PROBLEM:
Only one span of the material below is wanted. Output it exactly, from the line with "パタゴニア Patagonia ウィメンズ・P-6ロゴ・レスポンシビリティー" through the line with "Ильинова Ирина Владимировна", without any pictures.

DATA FOR THIS EXERCISE:
▬▬▬

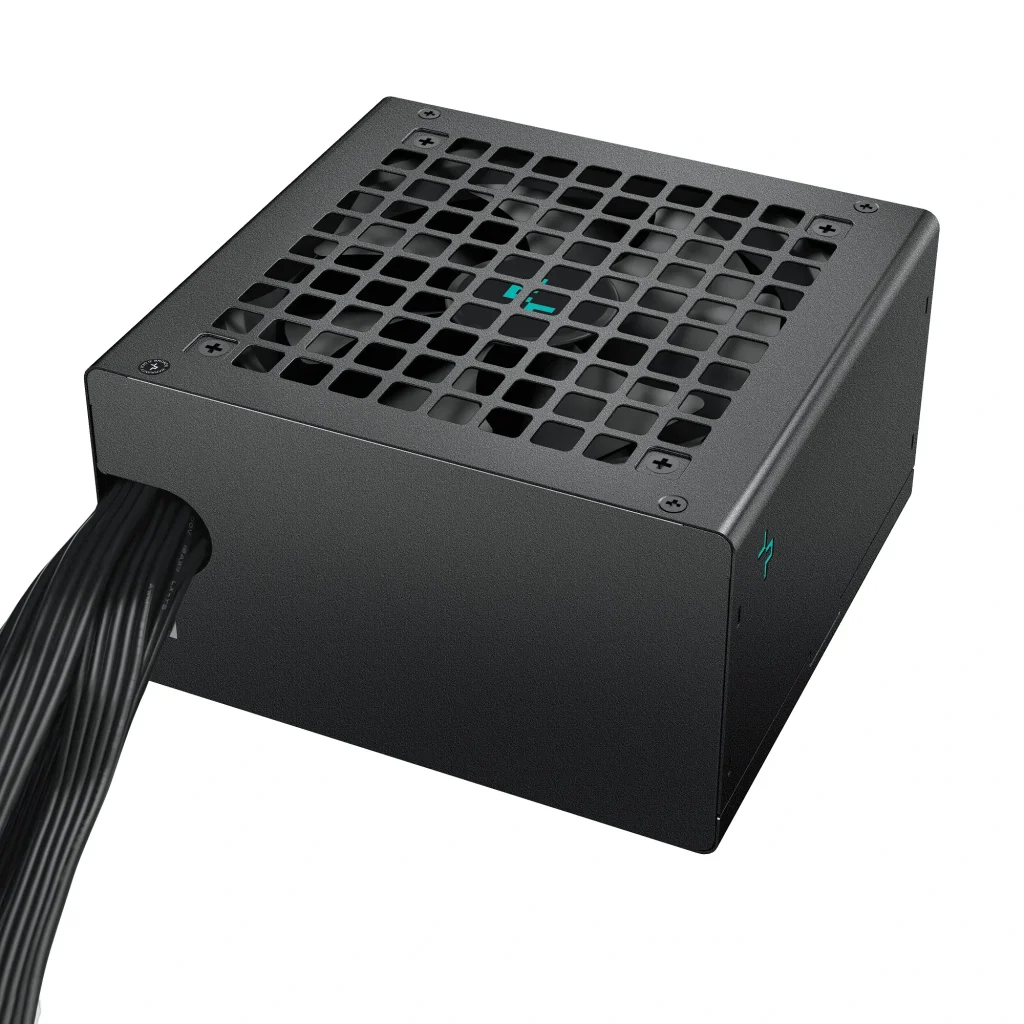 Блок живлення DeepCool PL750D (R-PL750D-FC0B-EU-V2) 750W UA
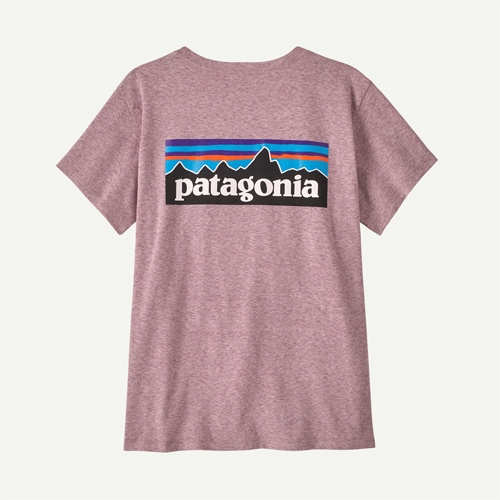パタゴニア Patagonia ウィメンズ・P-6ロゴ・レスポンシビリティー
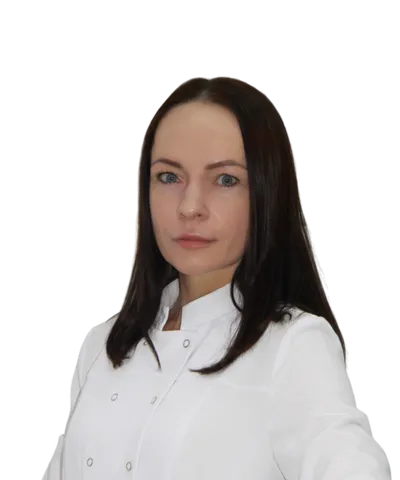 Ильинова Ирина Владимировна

▬▬▬

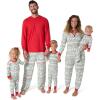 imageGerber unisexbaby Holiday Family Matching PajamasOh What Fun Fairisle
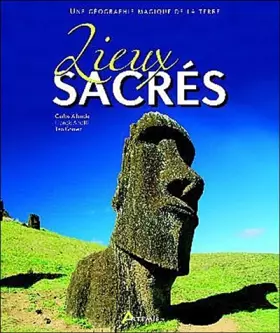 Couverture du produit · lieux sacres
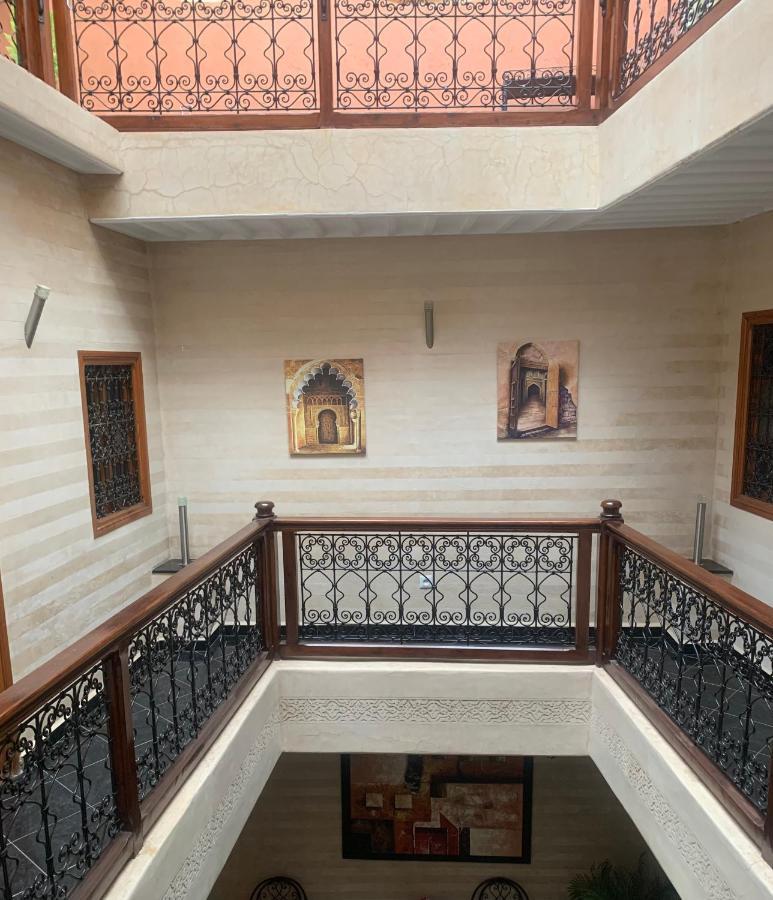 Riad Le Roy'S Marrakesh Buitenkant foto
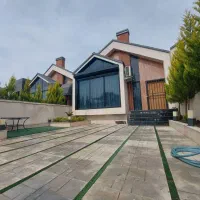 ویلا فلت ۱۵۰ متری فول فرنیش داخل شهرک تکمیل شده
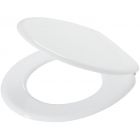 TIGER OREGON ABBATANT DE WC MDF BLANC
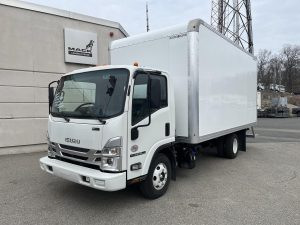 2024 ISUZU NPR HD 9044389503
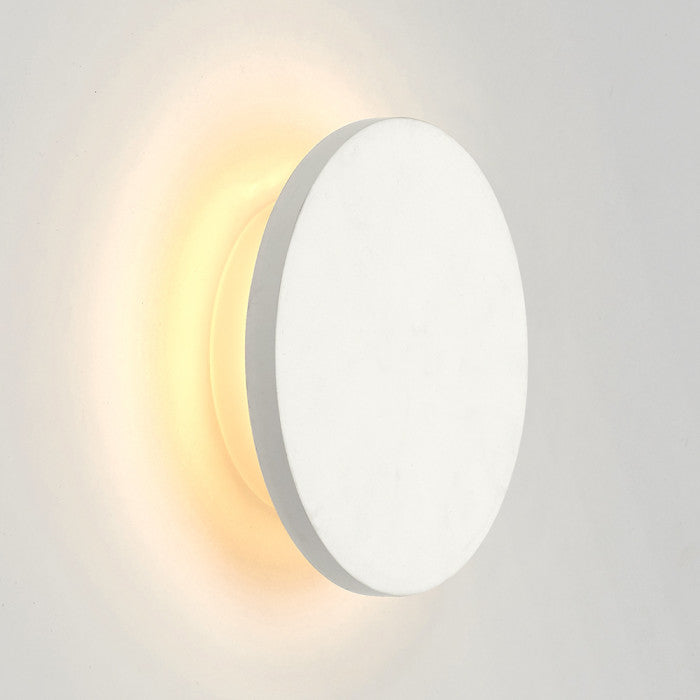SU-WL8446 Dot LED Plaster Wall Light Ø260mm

▬▬▬

RESULT FOR THIS TASK:
パタゴニア Patagonia ウィメンズ・P-6ロゴ・レスポンシビリティー
 Ильинова Ирина Владимировна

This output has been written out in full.